** Task to carry out **
Nothing outside the lines below from the one containing "Five Bimba (Tractor" through the one containing "Un réveillon sur" is to be printed; print those exactly, ends included, and drop the pictures.

** Exercise inputs **

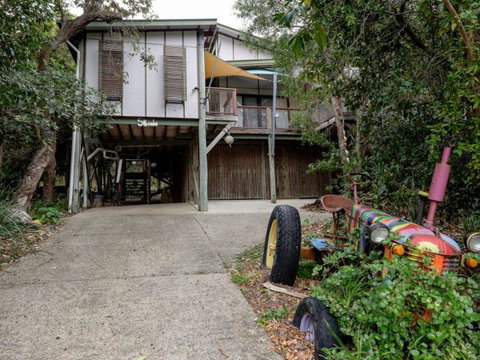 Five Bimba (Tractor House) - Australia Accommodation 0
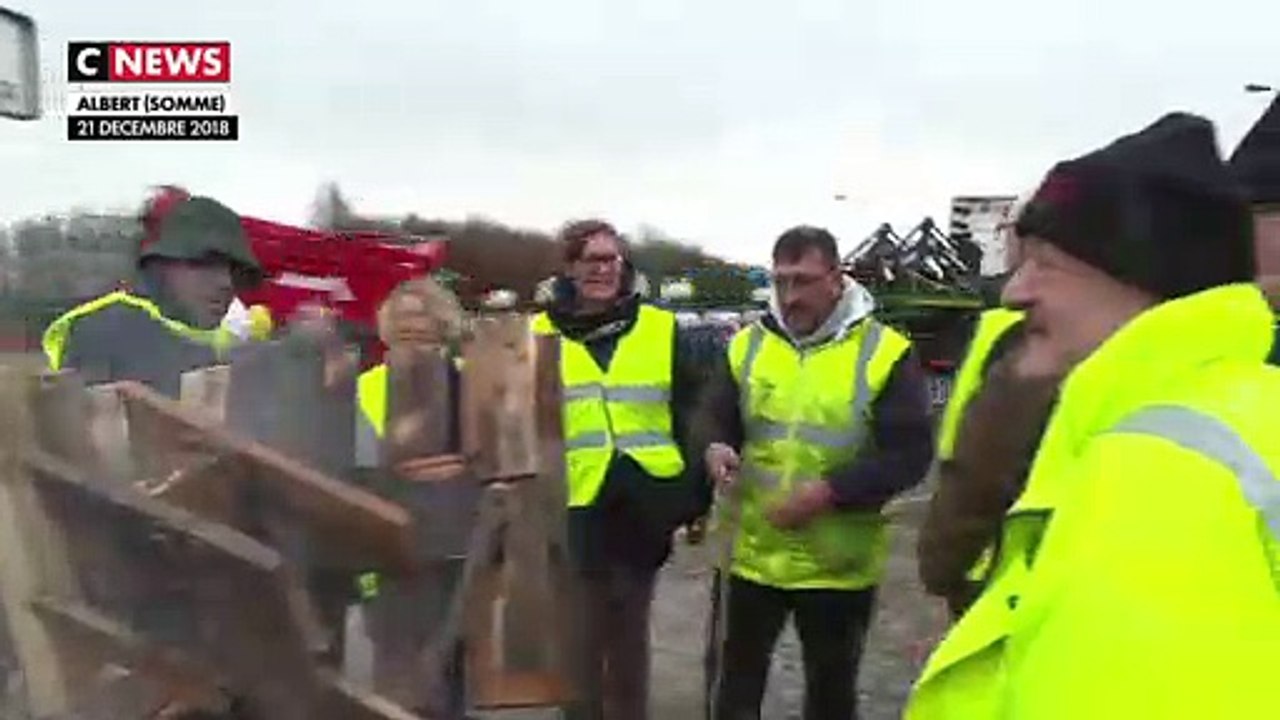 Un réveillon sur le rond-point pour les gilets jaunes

...

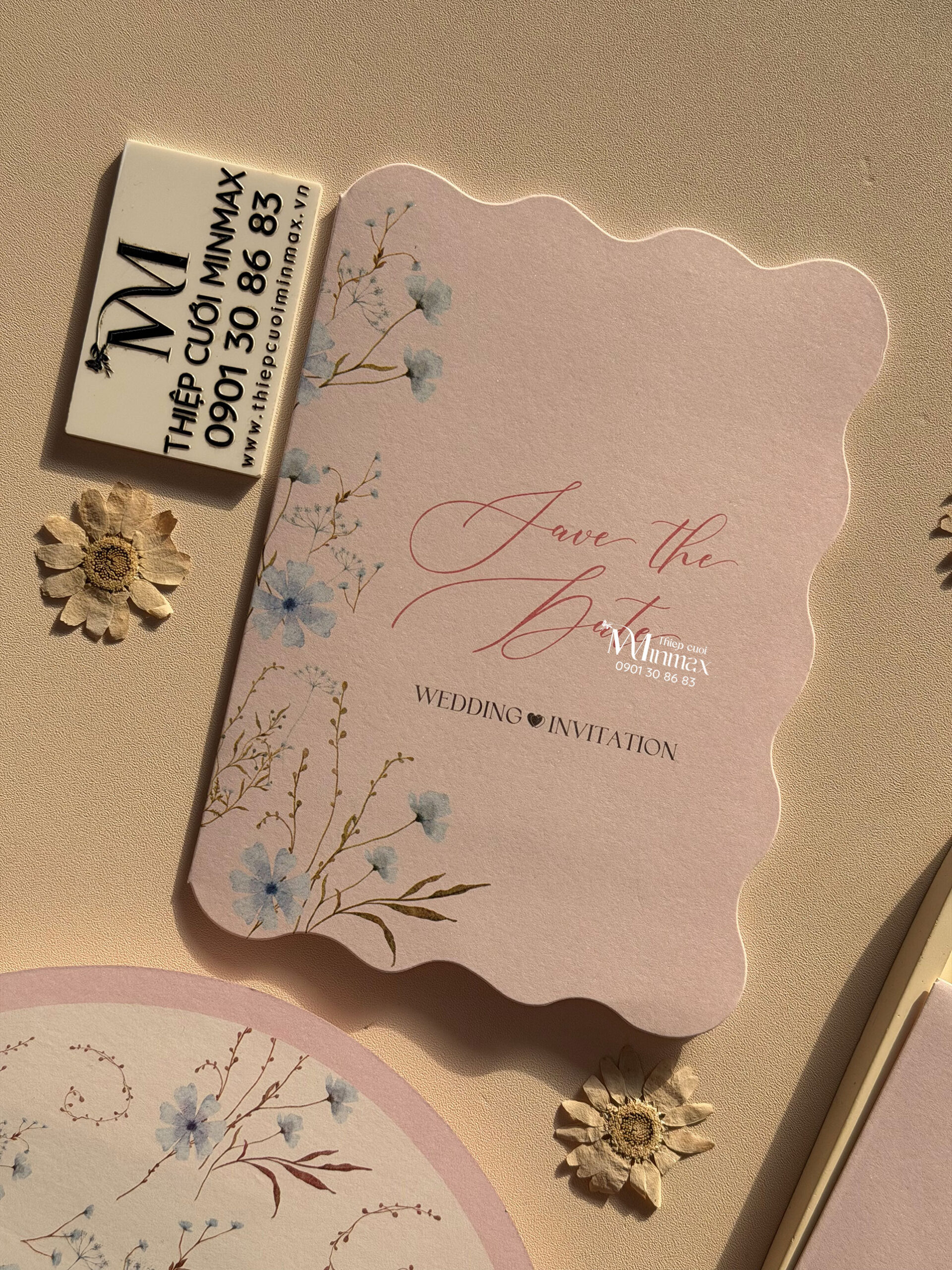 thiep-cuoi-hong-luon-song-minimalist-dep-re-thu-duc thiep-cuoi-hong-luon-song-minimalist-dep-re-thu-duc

---

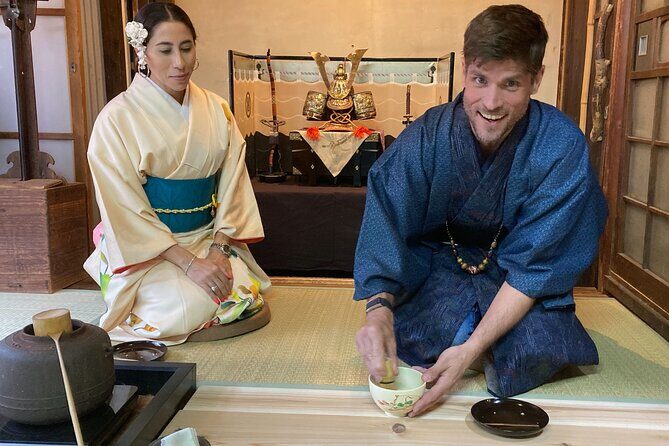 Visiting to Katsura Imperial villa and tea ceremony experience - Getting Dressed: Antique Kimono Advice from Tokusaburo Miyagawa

** Response for this exercise **
 Five Bimba (Tractor House) - Australia Accommodation 0
 Un réveillon sur le rond-point pour les gilets jaunes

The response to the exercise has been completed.